I have a question and I have no idea how to solve this: One problem in my Real Analysis text book says:
Show that if $\ell$ is a nonzero linear functional on a normed vector space not necessarily continuous, then $\ell$ maps open sets into open sets.
Isn't it against the definition? I mean saying that $f$ is continuous is equivalent to say that it maps open sets into open sets, right?
Is there any mistake in this problem? Or is just me that I'm misreading something?
Thank you for your help!!
On
A map $f:X\to Y$ between topological spaces is continuous if $f^{-1}(U)$ is open in $X$ whenever $U$ is open in $Y$.
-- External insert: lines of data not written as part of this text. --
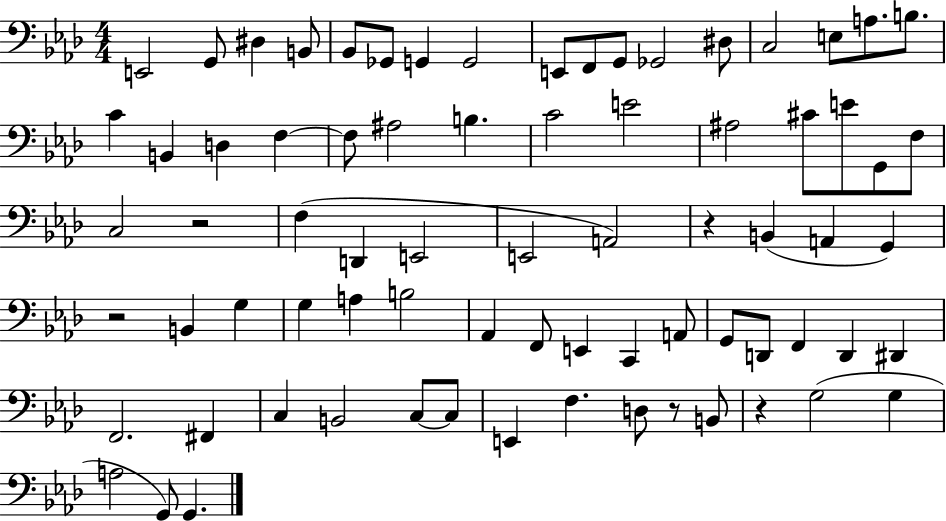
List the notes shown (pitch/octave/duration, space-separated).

E2/h G2/e D#3/q B2/e Bb2/e Gb2/e G2/q G2/h E2/e F2/e G2/e Gb2/h D#3/e C3/h E3/e A3/e. B3/e. C4/q B2/q D3/q F3/q F3/e A#3/h B3/q. C4/h E4/h A#3/h C#4/e E4/e G2/e F3/e C3/h R/h F3/q D2/q E2/h E2/h A2/h R/q B2/q A2/q G2/q R/h B2/q G3/q G3/q A3/q B3/h Ab2/q F2/e E2/q C2/q A2/e G2/e D2/e F2/q D2/q D#2/q F2/h. F#2/q C3/q B2/h C3/e C3/e E2/q F3/q. D3/e R/e B2/e R/q G3/h G3/q A3/h G2/e G2/q. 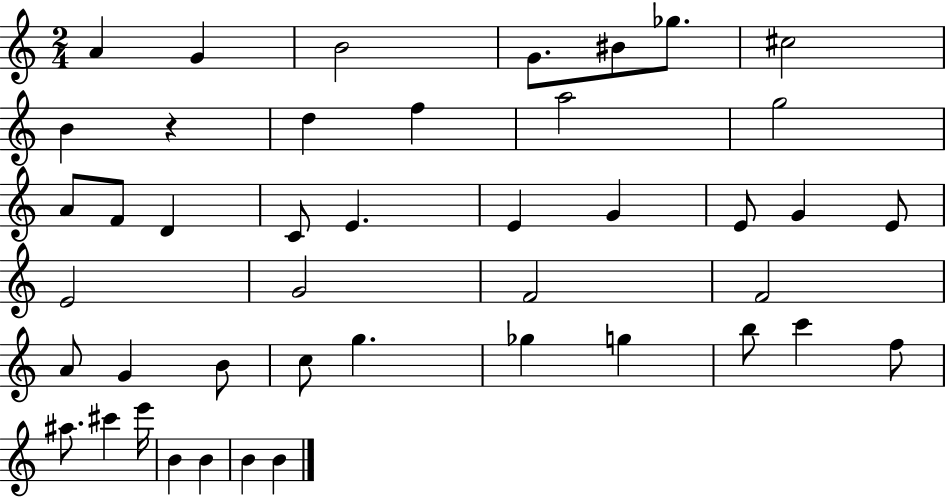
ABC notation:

X:1
T:Untitled
M:2/4
L:1/4
K:C
A G B2 G/2 ^B/2 _g/2 ^c2 B z d f a2 g2 A/2 F/2 D C/2 E E G E/2 G E/2 E2 G2 F2 F2 A/2 G B/2 c/2 g _g g b/2 c' f/2 ^a/2 ^c' e'/4 B B B B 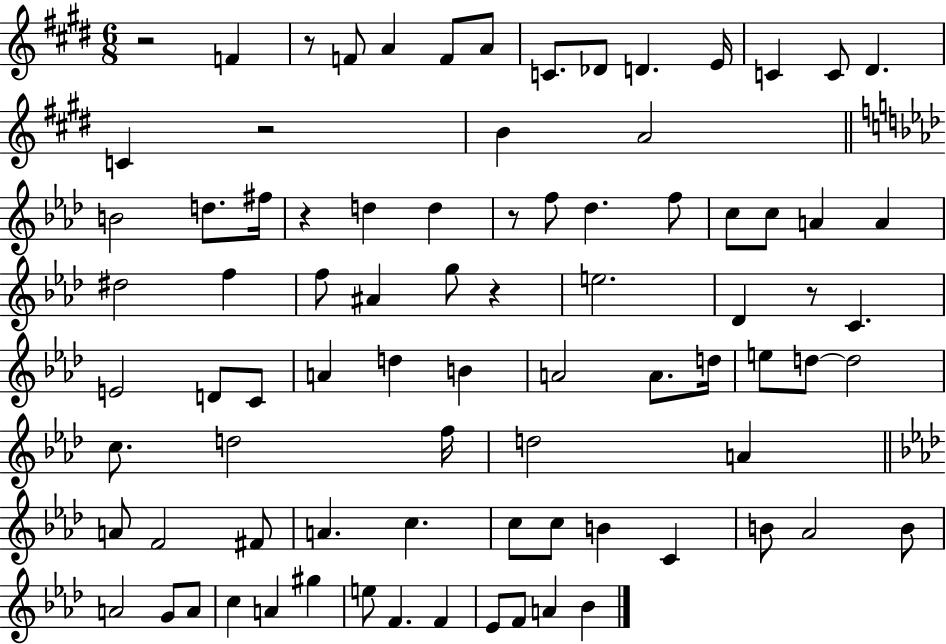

Note that the definition of continuity is different from the statement "continuous is equivalent to say that it maps open sets into open sets". In fact, the constant map $f:\Bbb R\to\Bbb R$ given by $f(x)=0$ is continuous but the image of any open set $U$ under $f$ is $\{0\}$ which is not open in $\Bbb R$.
A map $f:X\to Y$ between topological spaces such that $f(U)$ is open in $Y$ whenever $U$ is open in $X$ is called an open map. A famous example of a map that is open but not continuous is the floor function $\lfloor-\rfloor:\Bbb R\to\Bbb Z$.
In summary, continuous maps are not necessarily open maps and open maps are not necessarily continuous. Your question asks to prove that a certain kind of map is always an open map. Do you have any ideas how to get started?
A continuous map does not necessarily take open sets to open sets: take, e.g. $f(x)=x^2$ on $\mathbb R \rightarrow \mathbb R$ . Then the open set $(-1,1)$ is sent to the non-open set $[0,1)$.